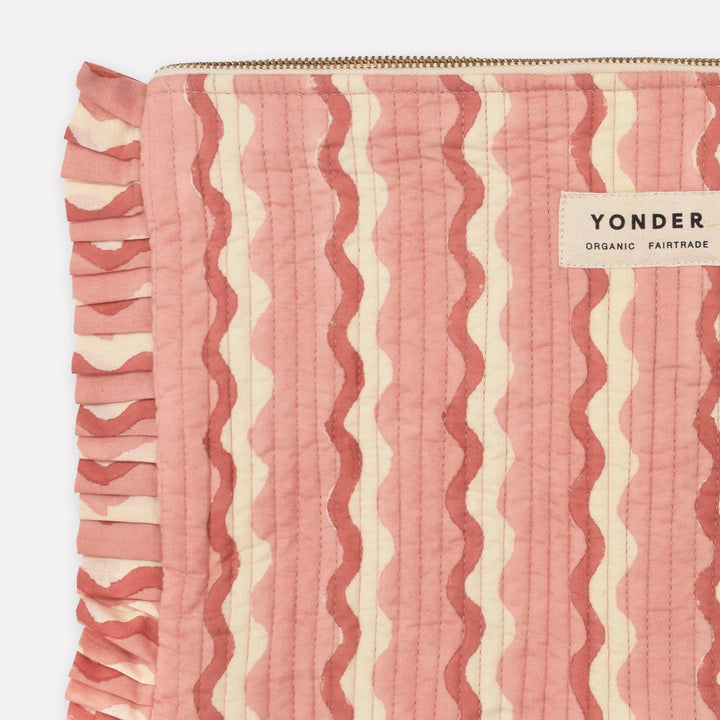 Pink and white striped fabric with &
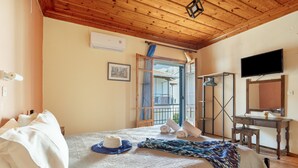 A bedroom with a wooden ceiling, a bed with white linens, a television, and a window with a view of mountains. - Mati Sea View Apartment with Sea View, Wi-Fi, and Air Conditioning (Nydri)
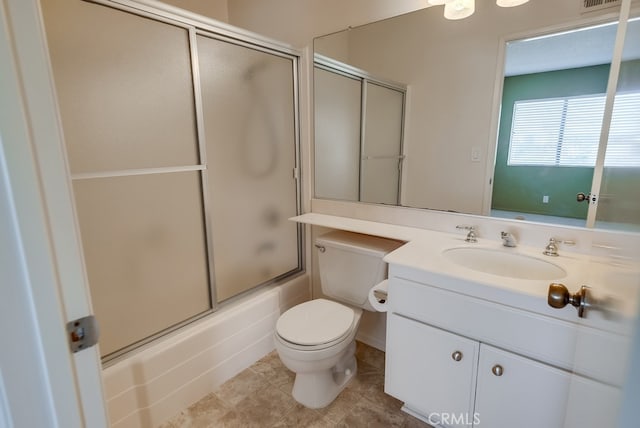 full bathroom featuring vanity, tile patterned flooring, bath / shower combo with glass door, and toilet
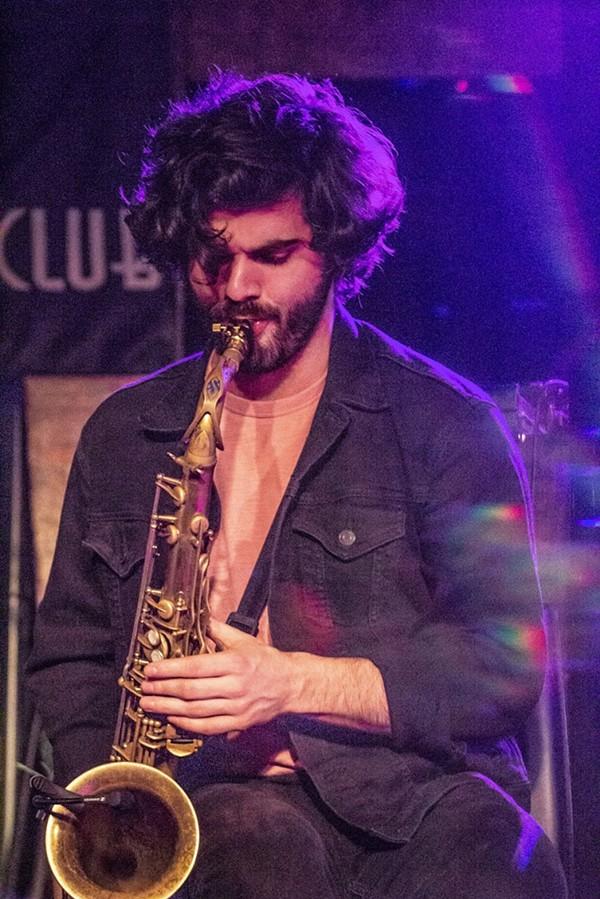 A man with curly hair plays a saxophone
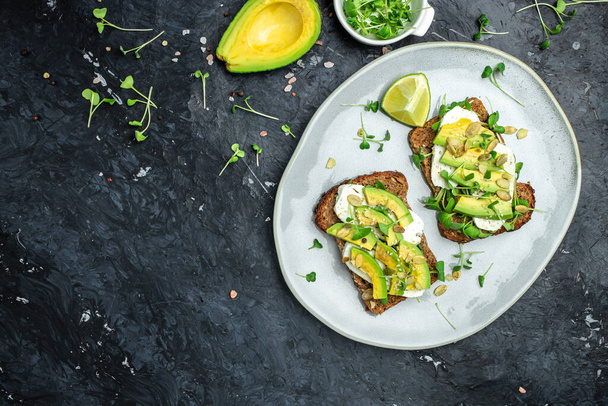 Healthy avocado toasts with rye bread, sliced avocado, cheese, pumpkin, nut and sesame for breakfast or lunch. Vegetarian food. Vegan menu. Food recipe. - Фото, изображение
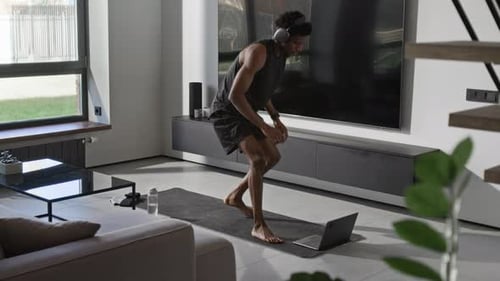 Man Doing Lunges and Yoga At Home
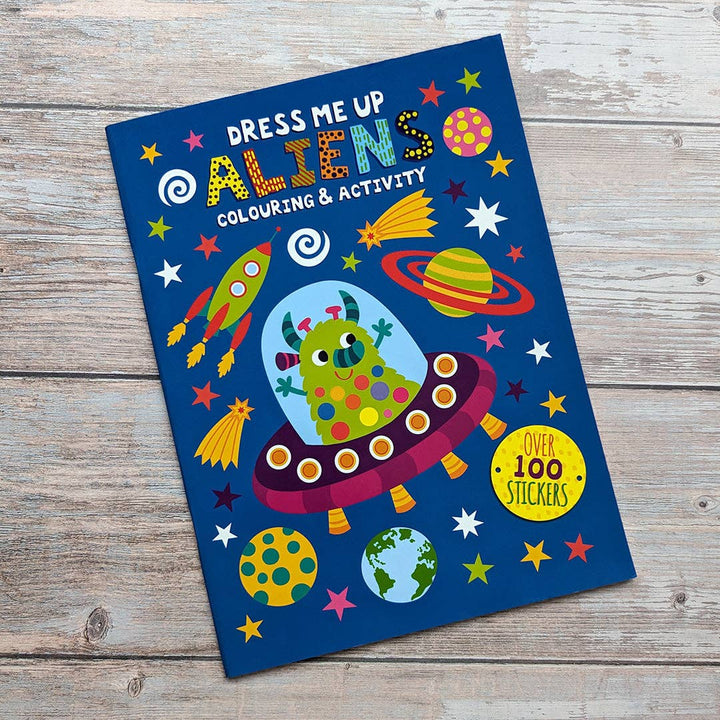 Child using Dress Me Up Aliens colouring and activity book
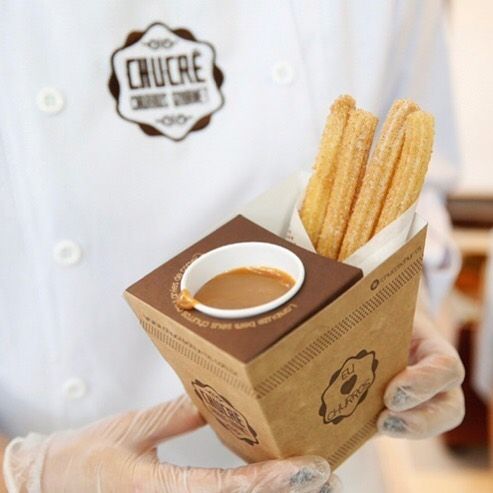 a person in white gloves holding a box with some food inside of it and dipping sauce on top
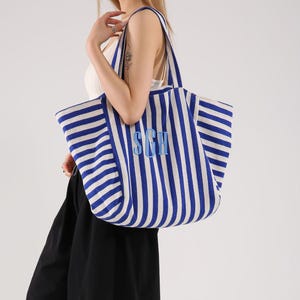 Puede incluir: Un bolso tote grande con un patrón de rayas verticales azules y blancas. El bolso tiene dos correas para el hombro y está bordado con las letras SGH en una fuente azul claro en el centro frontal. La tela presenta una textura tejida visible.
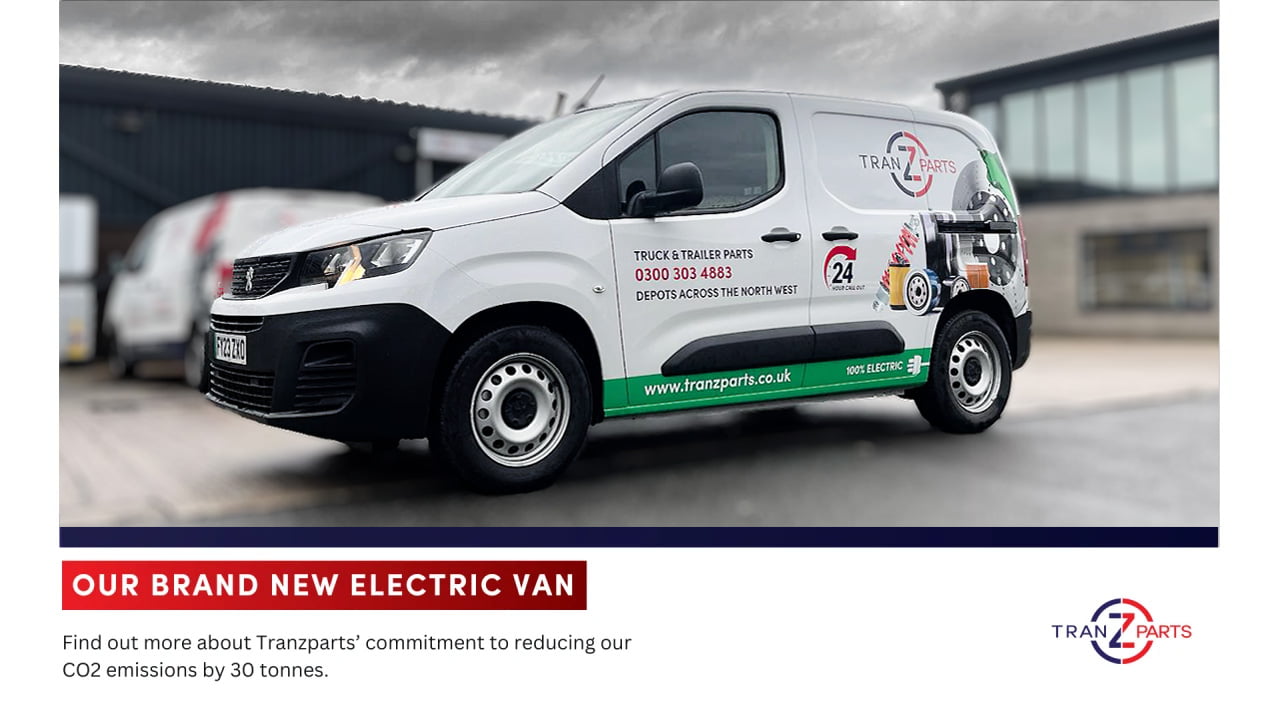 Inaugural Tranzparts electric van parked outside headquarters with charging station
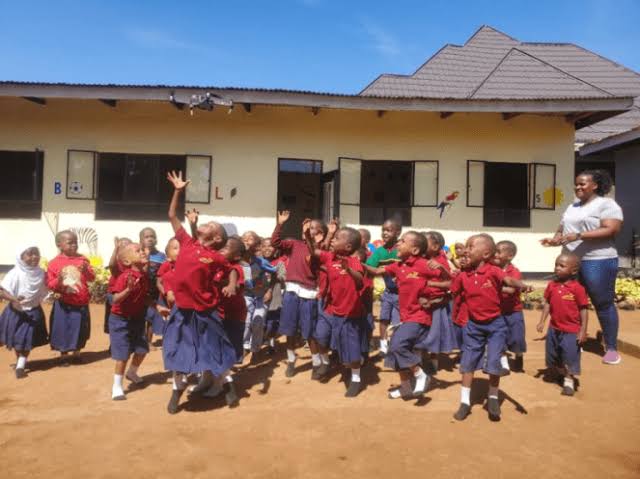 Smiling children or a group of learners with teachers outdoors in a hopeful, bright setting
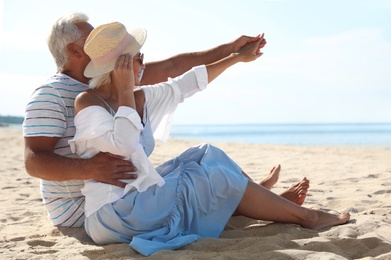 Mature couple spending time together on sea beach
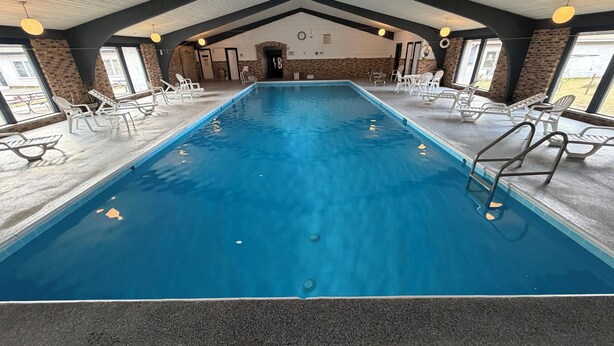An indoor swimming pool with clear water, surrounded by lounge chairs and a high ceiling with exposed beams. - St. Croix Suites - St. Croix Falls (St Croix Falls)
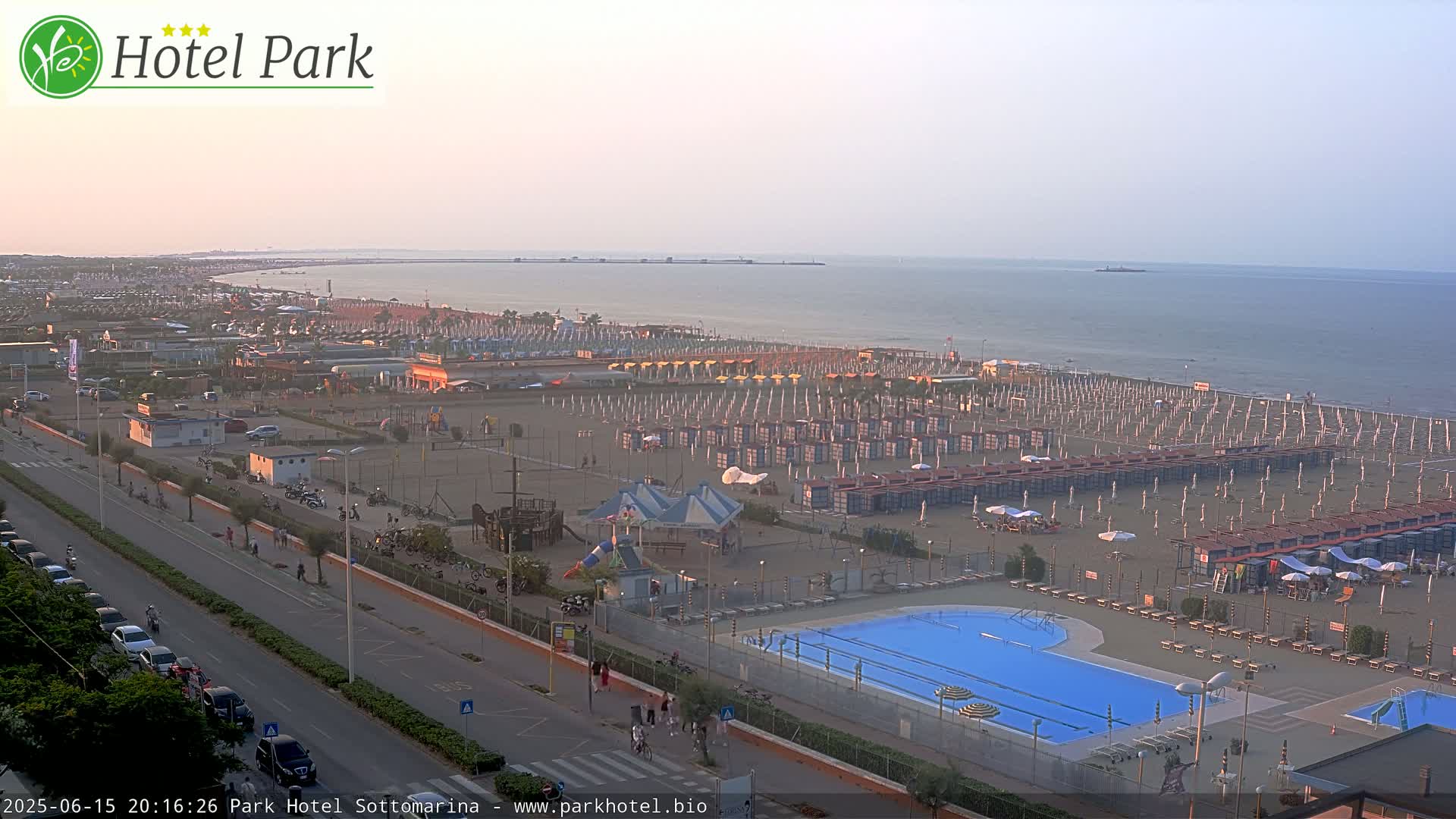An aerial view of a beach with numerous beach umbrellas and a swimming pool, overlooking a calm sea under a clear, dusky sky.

==*==

- EXERCISE INSTRUCTIONS:
Copy the material above word for word, images excluded.

- EXPECTED OUTPUT:
 Pink and white striped fabric with &
 A bedroom with a wooden ceiling, a bed with white linens, a television, and a window with a view of mountains. - Mati Sea View Apartment with Sea View, Wi-Fi, and Air Conditioning (Nydri)
 full bathroom featuring vanity, tile patterned flooring, bath / shower combo with glass door, and toilet
 A man with curly hair plays a saxophone
 Healthy avocado toasts with rye bread, sliced avocado, cheese, pumpkin, nut and sesame for breakfast or lunch. Vegetarian food. Vegan menu. Food recipe. - Фото, изображение
 Man Doing Lunges and Yoga At Home
 Child using Dress Me Up Aliens colouring and activity book
 a person in white gloves holding a box with some food inside of it and dipping sauce on top
 Puede incluir: Un bolso tote grande con un patrón de rayas verticales azules y blancas. El bolso tiene dos correas para el hombro y está bordado con las letras SGH en una fuente azul claro en el centro frontal. La tela presenta una textura tejida visible.
 Inaugural Tranzparts electric van parked outside headquarters with charging station
 Smiling children or a group of learners with teachers outdoors in a hopeful, bright setting
 Mature couple spending time together on sea beach
An indoor swimming pool with clear water, surrounded by lounge chairs and a high ceiling with exposed beams. - St. Croix Suites - St. Croix Falls (St Croix Falls)
An aerial view of a beach with numerous beach umbrellas and a swimming pool, overlooking a calm sea under a clear, dusky sky.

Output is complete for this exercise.